Thursday, October 27, 2011

What if real life were like television?

I am crushing walnuts and almond slices for my breakfast gruel, health food, boring but healthy. I stopped buying Quaker Old Fashioned Oats, and moved to Ralston - just cheaper and my body will never know what the mind can. As I crush the nuts I am waiting for my energy on the game I am playing to come back up, and I am watching a subtitled Korean drama (soap opera). I tell my wife that she is lucky I didn't see Korean Soap Operas before we got married, but then I had seen American Soap Operas and Peyton Place so maybe I knew how badly American life could become. Sure enough, it did.
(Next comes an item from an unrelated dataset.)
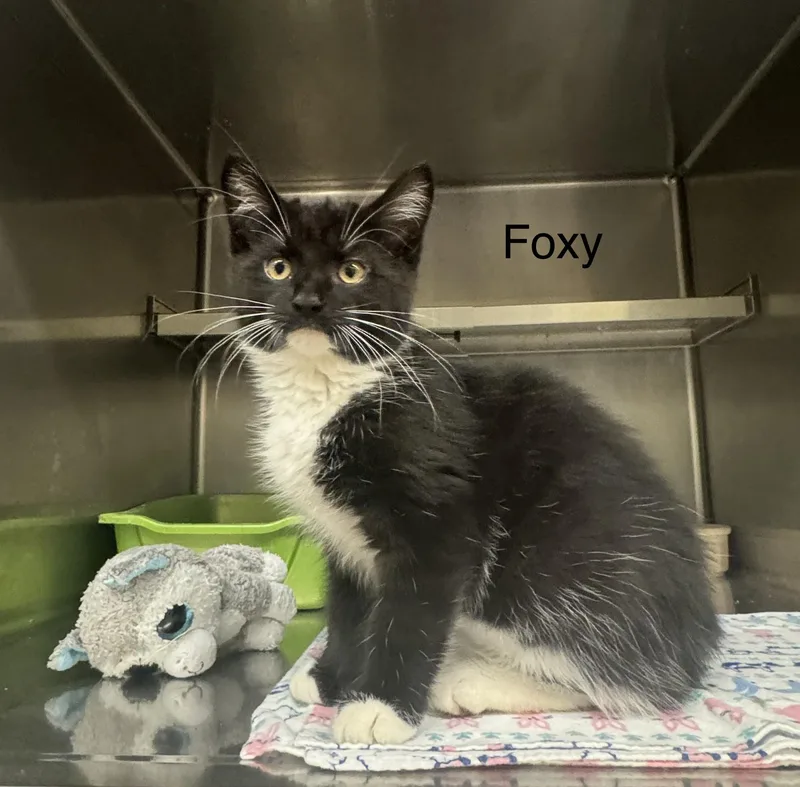 A baby medium-sized female Black Domestic Medium Hair cat named Foxy for adoption in Ulster, PA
Never watched Desperate Housewives, the title turned me off and I would never understand the humor, kind of dark bitterness when compared to the people I have met in the world. And since real writing isn't filling of all the space on television/cablevision/satellite well, there is the Reality (none reality really) television, sigh.

Also there is the effect of news and politics bought and paid for by smokey mysterious people in the background. No one ever holds up their target in politics like the Riflemen do at Appleseeds, or the competitors in other sports not needing steriods for performance. Yes, the wrestling in the WWE is fake, a performance and we know it - foolishly we hope the performance during elections have meaning in Washington, DC, and it never sinks in that it could be fake, too.

Media has always played a part in how we view ourselves and the world, from bards of King Arthur's court, to Dickens writing serials in the newspapers about the ways of life in England, and Kipling the larger Empire. I win my battle only losing an infantry unit and a Red Tiger tank. The crushed nuts are in a plastic jar for dipping toppings from in the future. The soap opera is done for the day and it is time to go for a walk, a heart walk. My sister invited me to Florida where I could walk on sidewalks instead of the side of the road - I am just happy to be able to walk. Have a nice day, and I hope you get to play for sixty minutes.

1 comment:

Old NFO said...

Earl, we do what we can, and WE have to deal with the reality outside our homes (and it's NOT on TV either).